4 – Para satisfação dos limites referidos na alínea e) do número anterior, os candidatos à transição para o nível retributivo seguinte serão seriados por ordem decrescente das médias das classificações quantitativas obtidas nos últimos quatro anos de avaliação.

5 – Para efeitos do previsto no número anterior considera-se que, em caso de empate, os candidatos à transição são ordenados em função da antiguidade, sucessivamente, na categoria e carreira.

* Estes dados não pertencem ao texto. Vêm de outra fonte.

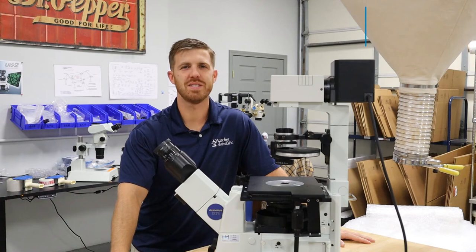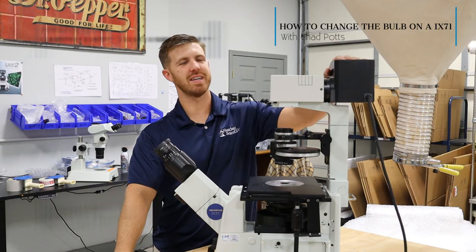Hey, this is Chad with Monday Scientific. Today I'm going to show you how to take off an IX lamp house on a 71 and change the bulb.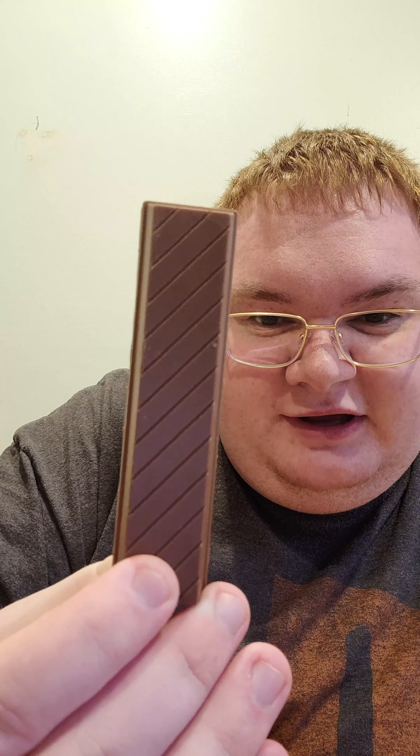Oh man. I guess it is a bar. It's got ridges, but I don't think you can break it on the ridge. Let's see how much it matches the Kit Kat. Whoa — very soft. Softer than a Kit Kat. Lots more chocolate than a Kit Kat.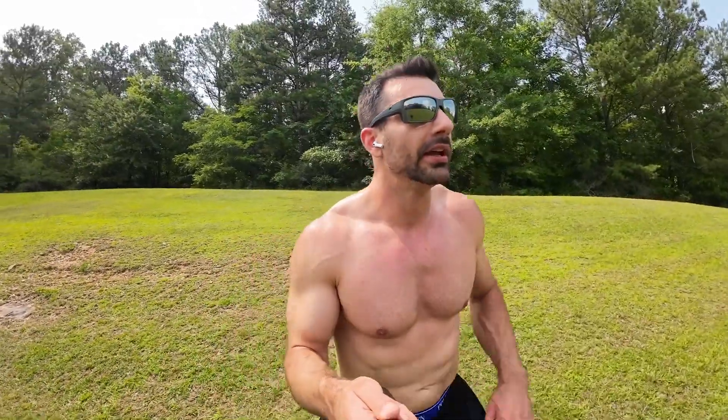Side shuffle all the way down, just like this — right leg is leading. When you get to the end, you're gonna jog down the hill, then you're gonna side shuffle with your left leg leading all the way across. All right, that's one.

6 – A progressão por opção gestionária excecional pode ocorrer para o segundo nível retributivo superior àquele em que o trabalhador se encontra, em situações excecionais, desde que o trabalhador se inclua no universo definido para a alteração retributiva nos termos determinados no n.º 3, por despacho do Reitor, mediante proposta fundamentada do responsável do Serviço.

Artigo 5.º

Produção de efeitos da progressão

As alterações da posição retributiva resultantes da progressão reportam-se a 1 de janeiro do ano em que tiver lugar.

Artigo 6.º

Prémios de desempenho

1 – O Reitor fixa, fundamentadamente, no prazo de 15 dias após o início da execução do orçamento, o universo das carreiras e categorias onde a atribuição de prémios de desempenho pode ter lugar, tendo em conta as verbas orçamentais destinadas a suportar este tipo de encargos.

2 – A atribuição dos prémios de desempenho é feita por ordem decrescente da classificação quantitativa máxima ou imediatamente inferior a ela.

3 – Não podem ser atribuídos prémios de desempenho ao mesmo trabalhador em dois anos consecutivos.

Artigo 7.º

Casos omissos e dúvidas

Os casos de omissão e as dúvidas de interpretação e aplicação do presente Regulamento serão resolvidos por despacho do Reitor.

Artigo 8.º

Entrada em vigor

O presente regulamento entra em vigor no dia seguinte ao da sua publicação no Diário da República.»